### Supplied records
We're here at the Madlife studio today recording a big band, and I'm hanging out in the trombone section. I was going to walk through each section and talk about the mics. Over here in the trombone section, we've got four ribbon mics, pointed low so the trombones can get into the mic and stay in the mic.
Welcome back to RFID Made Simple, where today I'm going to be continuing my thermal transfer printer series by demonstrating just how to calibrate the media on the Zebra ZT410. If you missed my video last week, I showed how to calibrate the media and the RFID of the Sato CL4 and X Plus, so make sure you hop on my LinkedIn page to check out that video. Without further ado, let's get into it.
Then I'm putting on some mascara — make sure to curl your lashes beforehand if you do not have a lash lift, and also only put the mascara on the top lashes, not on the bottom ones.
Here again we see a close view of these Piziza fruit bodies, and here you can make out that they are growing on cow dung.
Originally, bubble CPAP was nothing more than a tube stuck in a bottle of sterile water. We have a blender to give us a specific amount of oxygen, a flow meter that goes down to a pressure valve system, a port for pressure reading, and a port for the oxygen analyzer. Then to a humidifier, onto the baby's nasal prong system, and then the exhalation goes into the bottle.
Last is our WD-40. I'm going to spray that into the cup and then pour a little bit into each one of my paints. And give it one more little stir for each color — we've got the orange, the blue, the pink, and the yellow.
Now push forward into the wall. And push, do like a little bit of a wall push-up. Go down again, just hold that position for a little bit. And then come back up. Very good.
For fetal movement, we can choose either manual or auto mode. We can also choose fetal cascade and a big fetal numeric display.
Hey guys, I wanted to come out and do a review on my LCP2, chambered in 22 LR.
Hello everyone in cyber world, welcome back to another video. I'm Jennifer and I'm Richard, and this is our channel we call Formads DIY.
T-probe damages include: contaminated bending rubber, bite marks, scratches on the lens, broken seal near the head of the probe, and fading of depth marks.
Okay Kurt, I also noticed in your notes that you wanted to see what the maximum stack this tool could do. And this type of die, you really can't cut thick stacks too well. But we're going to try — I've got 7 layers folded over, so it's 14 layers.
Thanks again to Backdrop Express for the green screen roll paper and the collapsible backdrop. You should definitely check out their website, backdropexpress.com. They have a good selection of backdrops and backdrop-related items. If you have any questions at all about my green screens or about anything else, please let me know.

### What the task asks
Once the line with "Here again we" is found in the records above, print exactly that line and every line after it through the line with "T-probe damages include: contaminated".

### Task output
Here again we see a close view of these Piziza fruit bodies, and here you can make out that they are growing on cow dung.
Originally, bubble CPAP was nothing more than a tube stuck in a bottle of sterile water. We have a blender to give us a specific amount of oxygen, a flow meter that goes down to a pressure valve system, a port for pressure reading, and a port for the oxygen analyzer. Then to a humidifier, onto the baby's nasal prong system, and then the exhalation goes into the bottle.
Last is our WD-40. I'm going to spray that into the cup and then pour a little bit into each one of my paints. And give it one more little stir for each color — we've got the orange, the blue, the pink, and the yellow.
Now push forward into the wall. And push, do like a little bit of a wall push-up. Go down again, just hold that position for a little bit. And then come back up. Very good.
For fetal movement, we can choose either manual or auto mode. We can also choose fetal cascade and a big fetal numeric display.
Hey guys, I wanted to come out and do a review on my LCP2, chambered in 22 LR.
Hello everyone in cyber world, welcome back to another video. I'm Jennifer and I'm Richard, and this is our channel we call Formads DIY.
T-probe damages include: contaminated bending rubber, bite marks, scratches on the lens, broken seal near the head of the probe, and fading of depth marks.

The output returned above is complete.